Centauri Dreams has long championed Webster Cash’s innovative New Worlds mission concepts, which would use a ‘starshade’ to block the light of distant stars to reveal their planetary systems. Cash envisions using multiple spacecraft for this assignment, one the starshade itself, the other a telescope that would make the needed observations. After a series of ups and downs, New Worlds now receives new life in the form of a $1 million award from NASA to study the starshade’s possibilities.
Remember that we’re still at an early research level when it comes to funding of this kind — the actual observatory, a design Cash calls New Worlds Observer — would cost an estimated $3.3 billion to design and build. Other mission concepts are still in play (fully nineteen observatory concepts have been chosen for further study), so the road ahead is by no means clear as we look toward space missions that can identify Earth-like planets around other stars. But Cash’s designs are well vetted, and should prove attractive to those responsible for narrowing the field.

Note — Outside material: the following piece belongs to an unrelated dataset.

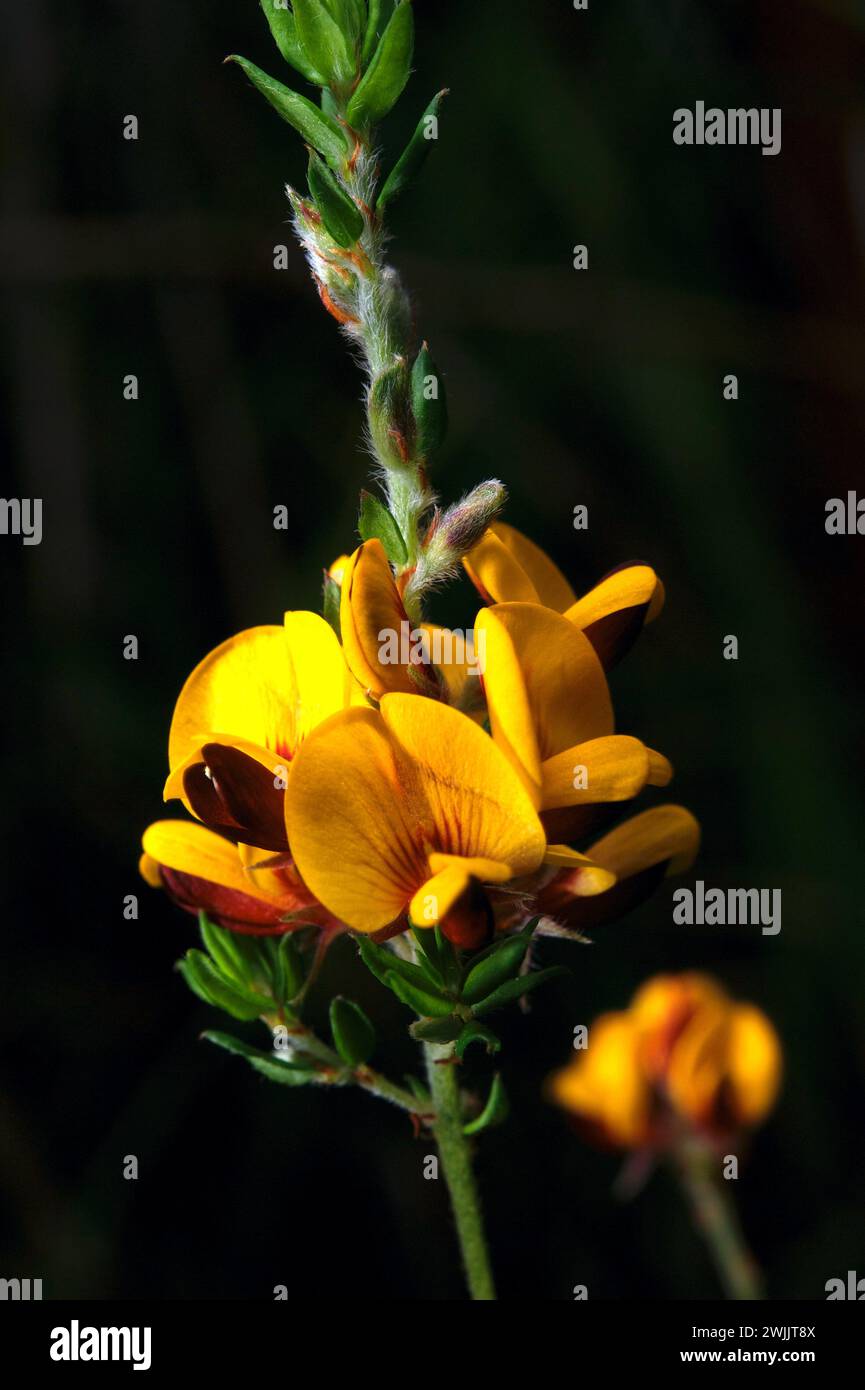 Eier und Speck (Aotus Ericoides) bekommen ihren Namen von der Farbe der Blumen - man möchte sie nicht essen! Frühjahrsblühender Sträucher. Stockfoto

At right is a simulation of what New Worlds Observer might see if pointed at Sol from 10 parsecs out. The blue bulge at the top is the Earth; the second object is Venus. To do this kind of work, NWO would use a starshade fifty yards in diameter, placed at Lagrange point 2 (L2), where a stable orbit can be achieved that balances the gravitational effects of the Sun and the Earth. The projected four-meter telescope is considerably larger and more powerful than the Hubble Space Telescope. Telescope and occulter would be stationed some 50,000 kilometers from each other along the line of sight to a nearby star, with the starshade moved as needed to select a variety of targets (you can see that two starshades would make even more sense, one able to move into position on the next star while the first observes its target).
Image: A simulated image of the inner solar system taken at 10 parsecs with a 4-meter telescope. Credit: Phil Oakley.
What to do with New Worlds Observer? The detection of the light of individual planets would allow us to understand the entire exoplanetary system, while using spectroscopy to analyze atmospheres for biomarkers like methane, oxygen and water. Photometric methods could show us variations in color as surface features rotate in and out of view. Take those methods to the max and you may be able to identify oceans, continents, polar caps and cloud banks. New Worlds Observer is a powerful concept that can advance our knowledge of rocky worlds around other stars and pave the way for more expansive missions to come.